I bring together some of my writing about Peru and also point to some other Web material that make the country a little more comprehensible. I call this site Peruvian Graffiti because I never envisioned it as a formal portrait of the country and my understanding of it—rather, it's an impressionistic drawing made on a public canvas. I wrote a weekly political commentary and I always wanted to use that name for the column.
Since I left Peru for the last time in 1996, Peru continued in upheaval, even after President Alberto Fujimori's resignation and the incoming government of Alejandro Toledo. My Peruvian politics resource includes the past of political violence, human rights abuses and Sendero Luminoso guerrillas. And in a stroke of "deja vu all over again," Alan Garica returned to the Casa de Pizarro. Now the Peruvians have elected the first "left wing" president, Ollanta Humala. On the bright side, it bucked a couple of lost decades of development and now has one of the strongest economies in the Americas.

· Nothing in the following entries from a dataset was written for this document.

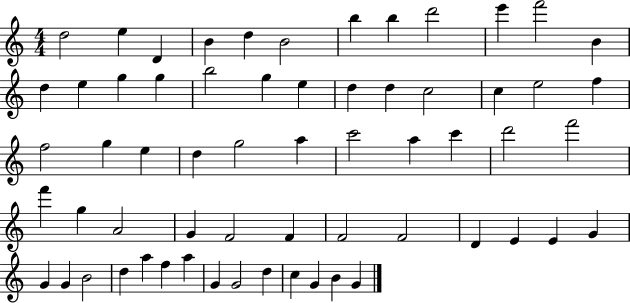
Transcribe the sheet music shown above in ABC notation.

X:1
T:Untitled
M:4/4
L:1/4
K:C
d2 e D B d B2 b b d'2 e' f'2 B d e g g b2 g e d d c2 c e2 f f2 g e d g2 a c'2 a c' d'2 f'2 f' g A2 G F2 F F2 F2 D E E G G G B2 d a f a G G2 d c G B G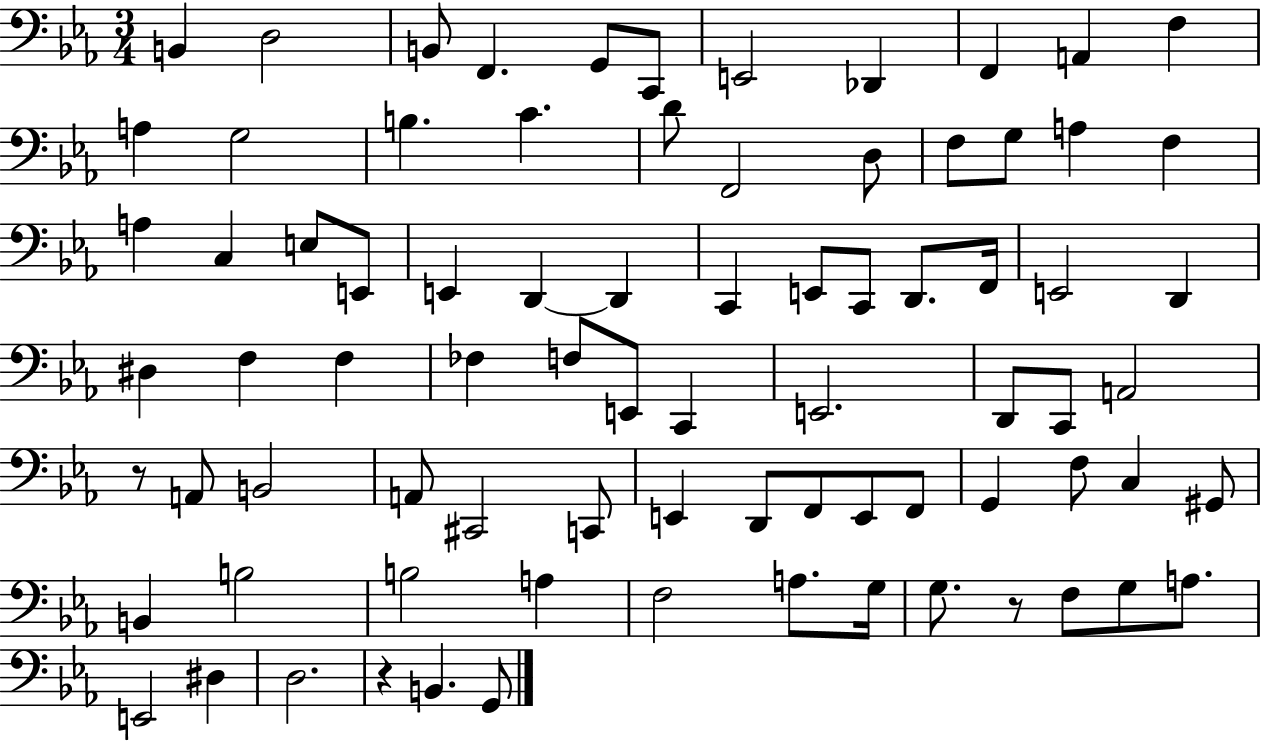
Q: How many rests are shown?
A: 3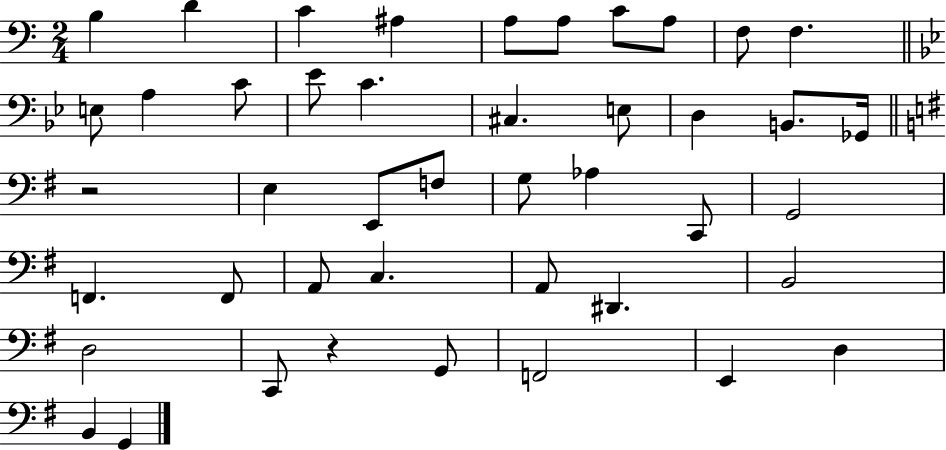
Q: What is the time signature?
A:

However, I have not visited in Peru since 2003, 10 years now, and I have lost my bearings in the maze of Peruvian politics and culture. That's why I have stopped commenting on my Peruvian blog, La Esquina del Movimiento.
Writing is the process that has defined me and how I relate to the world
around me. News reporting, essays, poetry and translations were how I
started out. Now it's concentrating on the web as the medium. See the writing section for other examples of my
writing. For that matter, look throughout this site.
I am in the process of starting a new publishing venture that will assist Peruvian literary magazine test the waters as an electronic publicaiton.
I have another site Prana Journal — it's mainly a weblog about yoga, meditation, mindulness, spirituality and other matters of the heart/mind/body. It's all about residing in and fulfilling the potential of the moment.
It's become my main writing outlet as I record my learning experience with yoga.